- **What is expected**
Once the pictures are removed, restate the data below word for word.

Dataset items
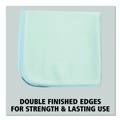 Cleaning Cloths & Wipes | Rubbermaid Commercial FGQ63000BL00 Executive Series Hygen 16 in. x 16 in. Microfiber Glass Cleaning Cloths - Blue (12/Carton) image number 3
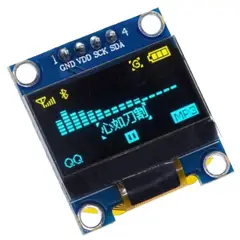 GENERICO - Pantalla OLED 0.96” AmarilloAzul Doble Color Soldada Caja Display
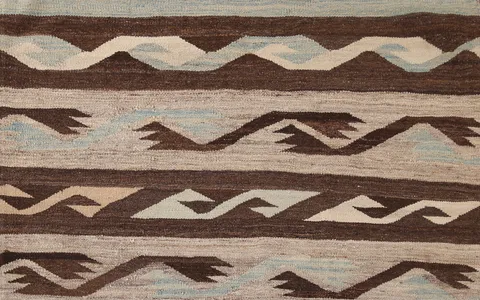Striped Kilim Oriental Accent Rug 3x5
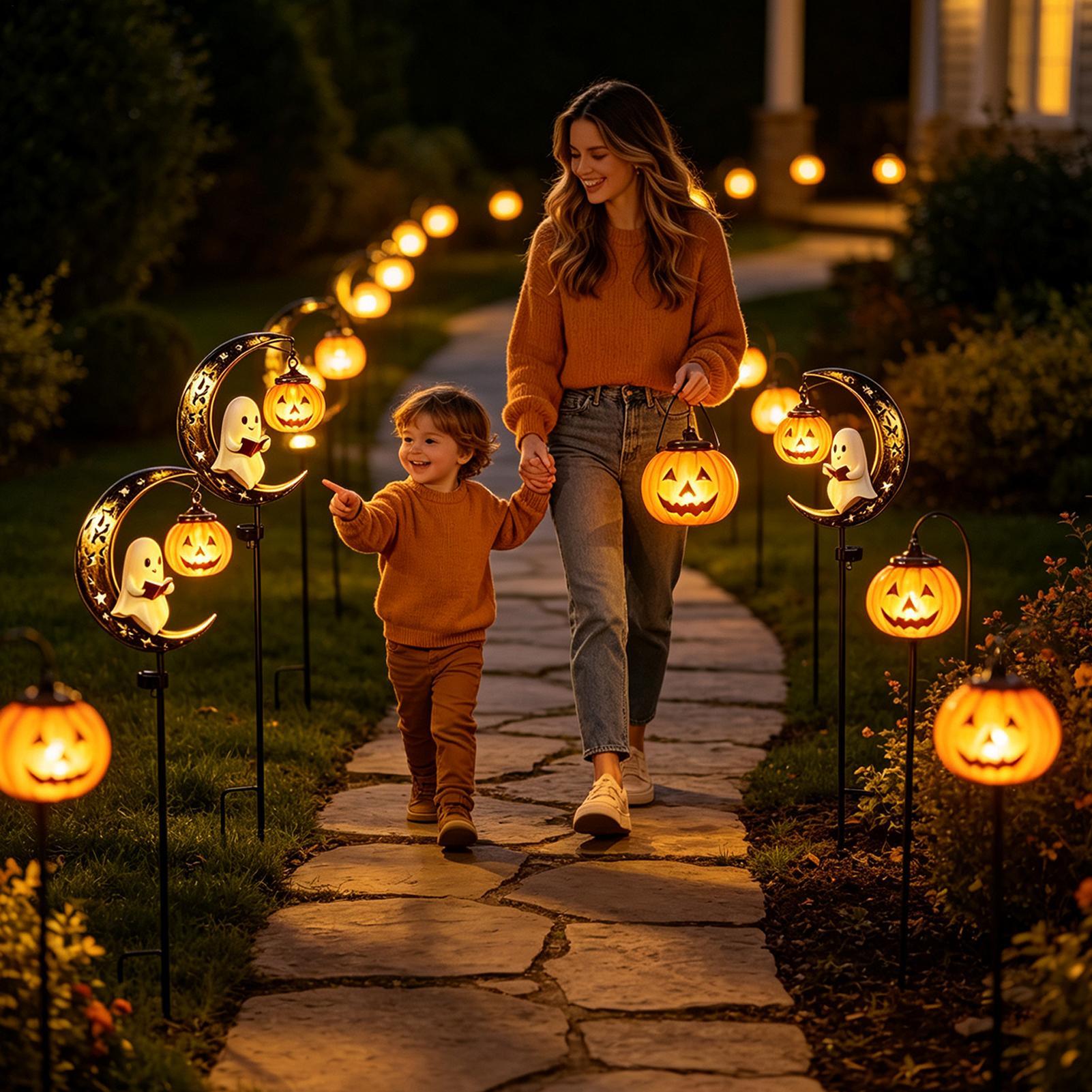 Lampu Taman Halloween Berbentu - Solar Path Light ulasan dan harga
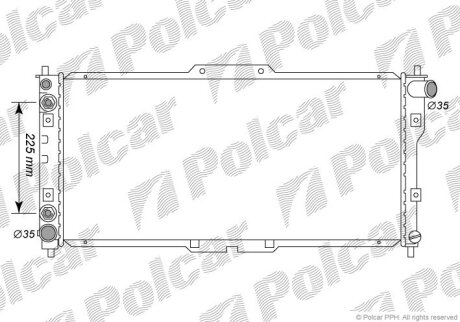 Радиатор охлаждения двигателя Polcar 451608-5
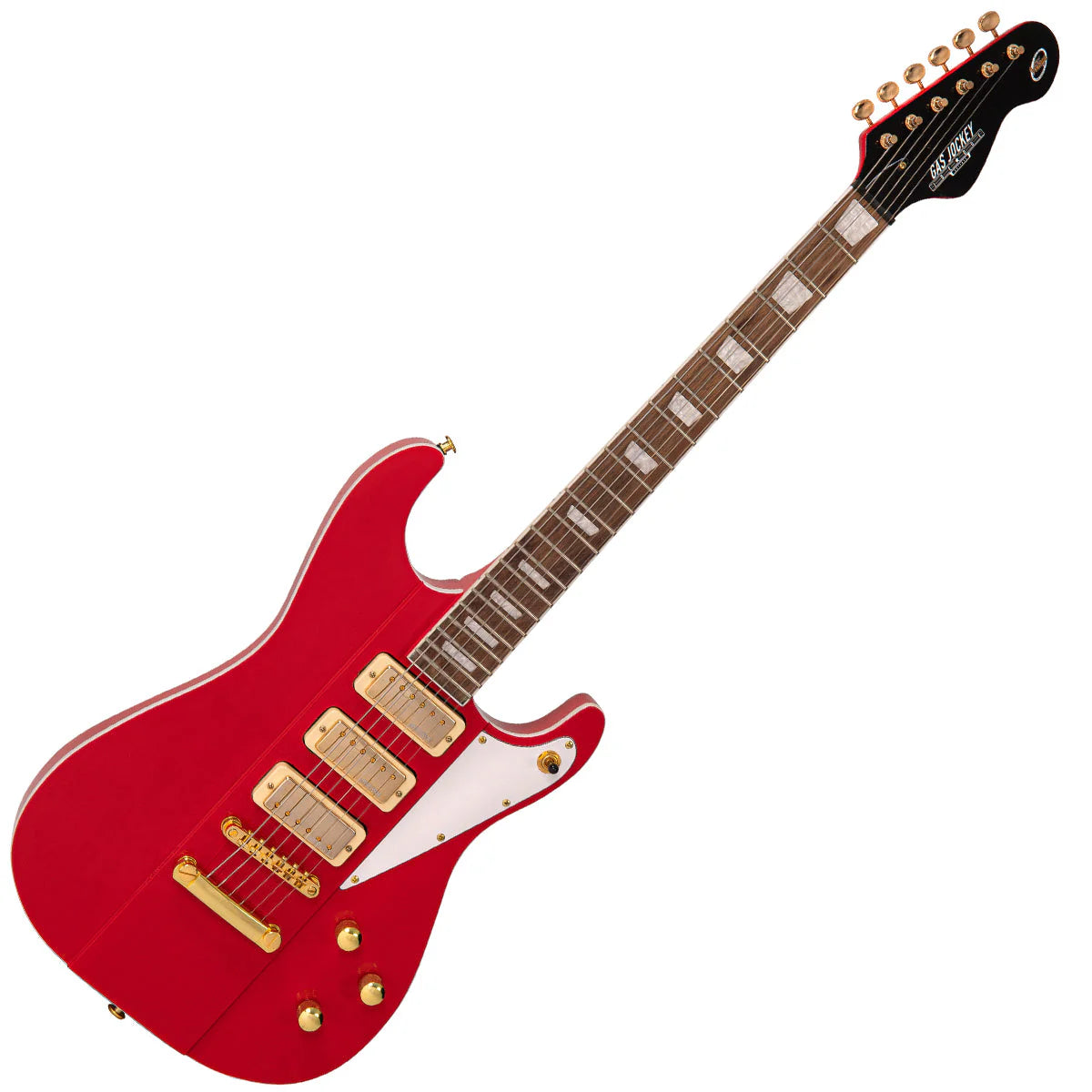 Joe Doe By Vintage Gas Jockey Electric Guitar Pump Red + Hard Case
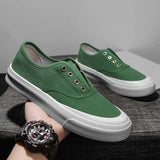Men Canvas Shoes Fashion Solid Color Men Vulcanized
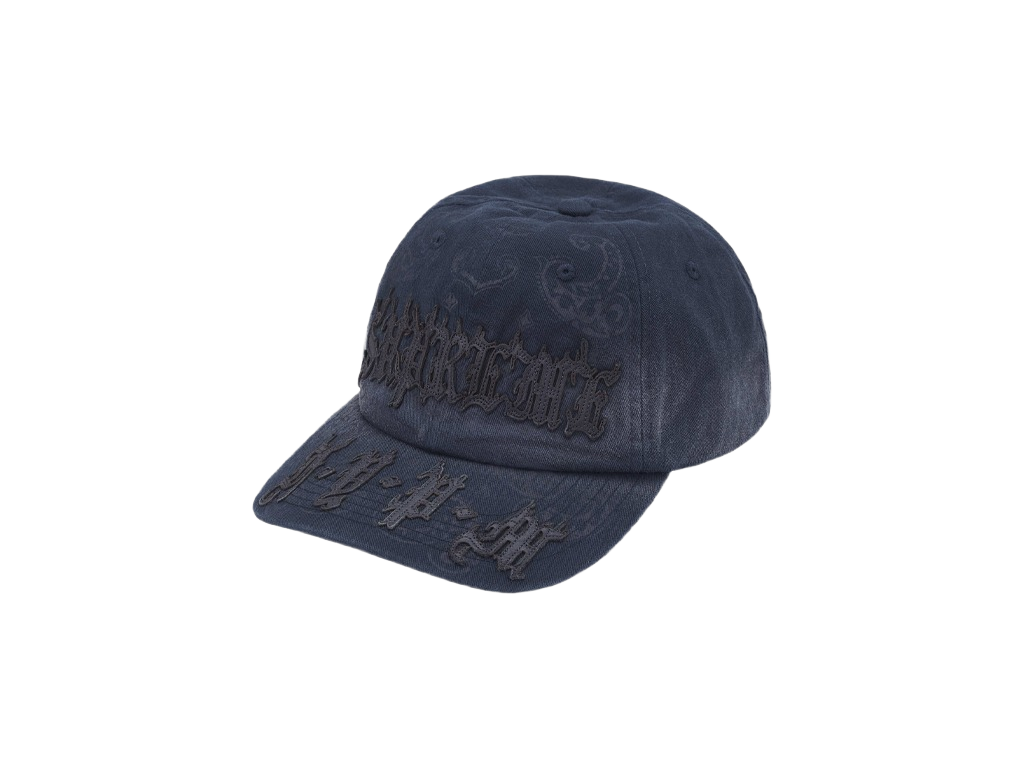 Supreme Leather Applique 6-Panel Navy-Supreme-pikastore.cz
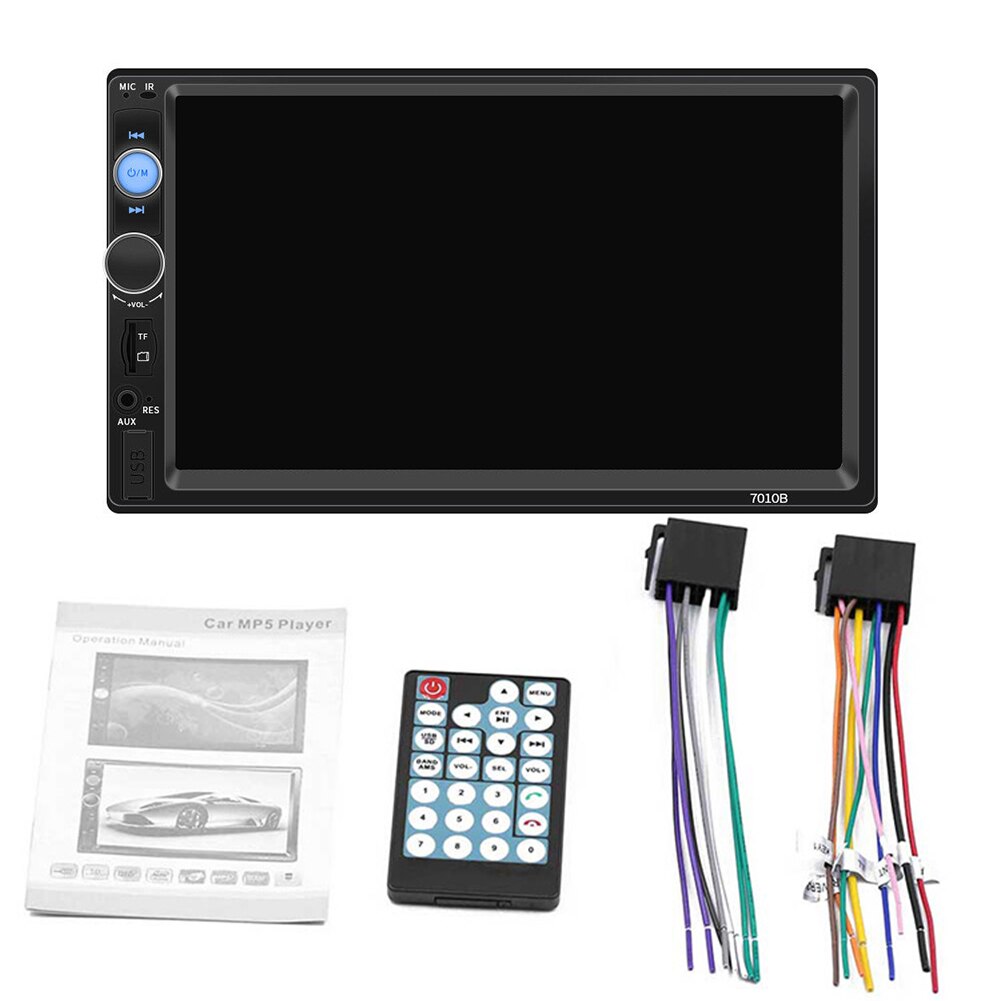 7010B 2DIN Car Radio Bluetooth 7 Inch HD Stereo Reversing Image USB MP5 Player multimidia mp5 car player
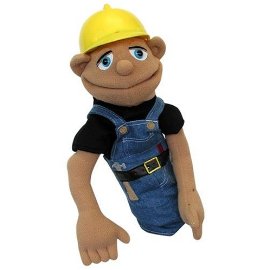 Deluxe Construction Worker Hand Puppet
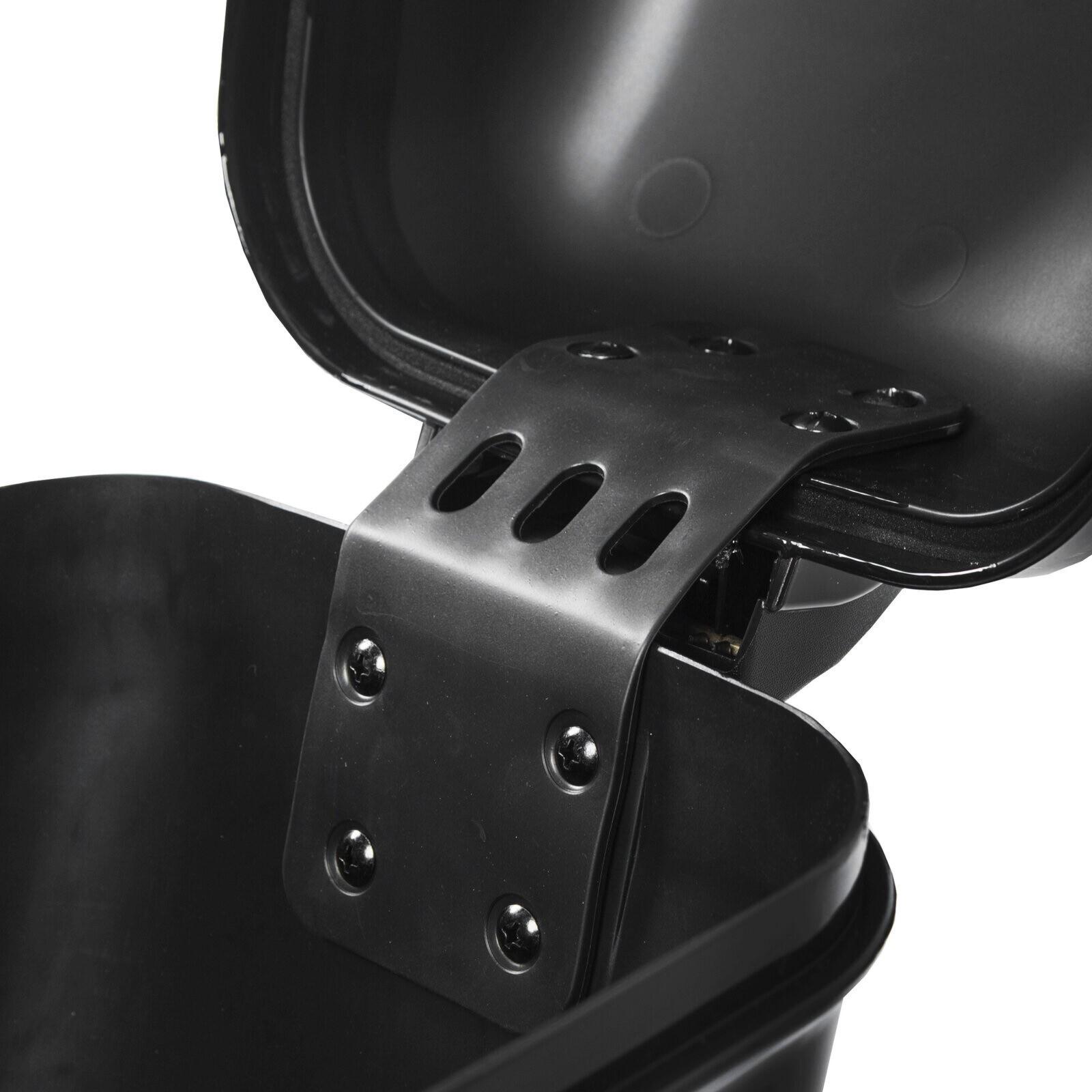 Vivid Black Large Hard Saddle Bag Trunk For Harley Dyna Honda Yamaha Accessories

- **Task solution**
 Cleaning Cloths & Wipes | Rubbermaid Commercial FGQ63000BL00 Executive Series Hygen 16 in. x 16 in. Microfiber Glass Cleaning Cloths - Blue (12/Carton) image number 3
 GENERICO - Pantalla OLED 0.96” AmarilloAzul Doble Color Soldada Caja Display
Striped Kilim Oriental Accent Rug 3x5
 Lampu Taman Halloween Berbentu - Solar Path Light ulasan dan harga
 Радиатор охлаждения двигателя Polcar 451608-5
 Joe Doe By Vintage Gas Jockey Electric Guitar Pump Red + Hard Case
Men Canvas Shoes Fashion Solid Color Men Vulcanized
 Supreme Leather Applique 6-Panel Navy-Supreme-pikastore.cz
 7010B 2DIN Car Radio Bluetooth 7 Inch HD Stereo Reversing Image USB MP5 Player multimidia mp5 car player
 Deluxe Construction Worker Hand Puppet
 Vivid Black Large Hard Saddle Bag Trunk For Harley Dyna Honda Yamaha Accessories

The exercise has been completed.